If you want a stop here then Hotel Reggio Campsite N 40.94962 W 5.61525 is a good stop with the bus running from the camp into town for 1 euro.
--------------------------------------------------------------------------------------------------. 

Caceres to the Algarve

From Caceres programme your sat nav for 
Vila Real de Santo Antonio N 37. 19941 W 7. 41562

As soon as you cross the bridge into Portugal then come off the motorway for Vila Real. 
If you want to use the toll motorway in Portugal then pull in on your right after crossing the bridge and register your credit card and registration at the special pull in, worth doing just in case you use it.

This aire is 6 euros a night but right by the marina . Also very handy for the town which is very nice.
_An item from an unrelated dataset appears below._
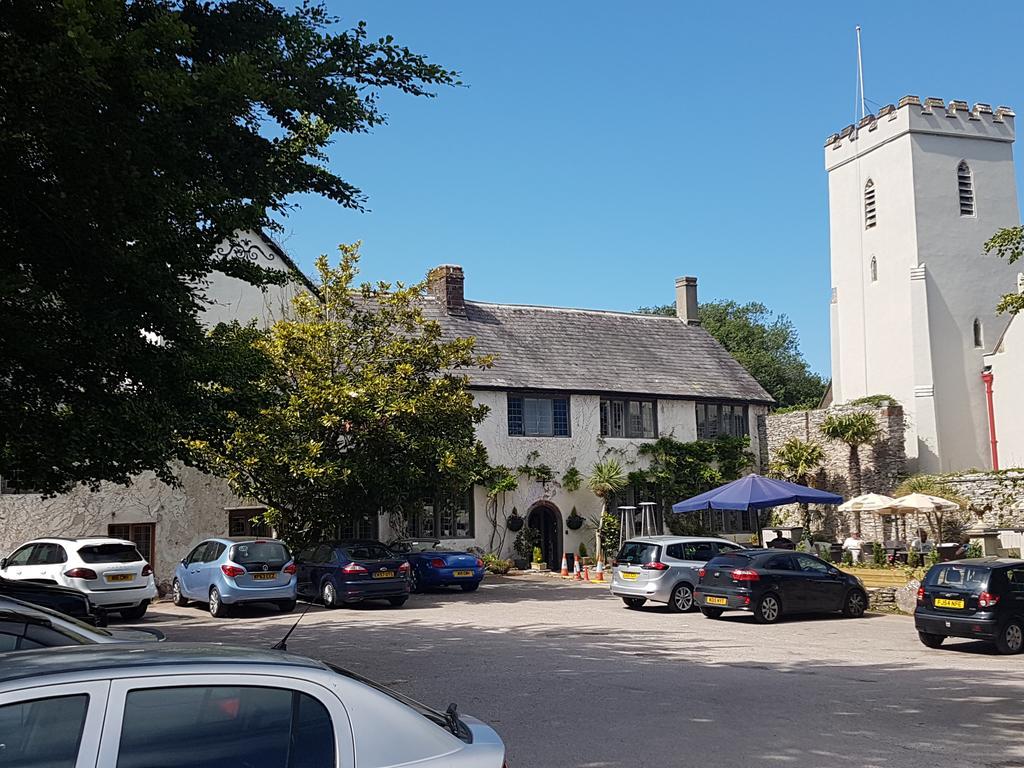 Churston Court Hotel Churston Ferrers Екстер'єр фото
Just on the way out of Villa Real on the RN125 there is a Blue Elephant garage (wash station/gas) on the right, If you have any empty gas bottles then fill them here. The name might have changed to Pink Elephant now.
--------------------------------------------------------------------------------

From here on the Algarve is easy, you have 2two options either use the paid motorway to get from one end to the other quickly or use the free RN125, it is a bit rough in places but passes all the tourist spots.

We tend to spend most of our time these days at Prai De Rocha which is a further 80 miles in but for a long stay is ideal and only two and half euros (2.5) a night, water another 1.20 to fill but no electric there, we have a solar panel so that doesn’t bother us. 

You will find us at Prai De Rocha N 37. 11902 W 8. 52998

This is a very good spot for long term, everything handy, good shopping and walks.


If you want more info on the Algarve or any other part of Portugal then just ask there are hundreds of places to stop all very cheap or free. The Algarve is obviously warmer in winter than the west coast but the west coast is also very nice as long as you don’t get too much wind.




This is the route we have found the best and daily mileages are easy on average 250 miles per day, we tend not to drive in the dark and like to leave time for a look around.

There are plenty more stops on the way and if you feel like taking a different route or doing more or less miles per day then I can give you plenty of places to stop, just ask. All these aires and more can be found on Campingcar Infos that is the website I sent you. Just look at al the aires on that and you can pick your own stops.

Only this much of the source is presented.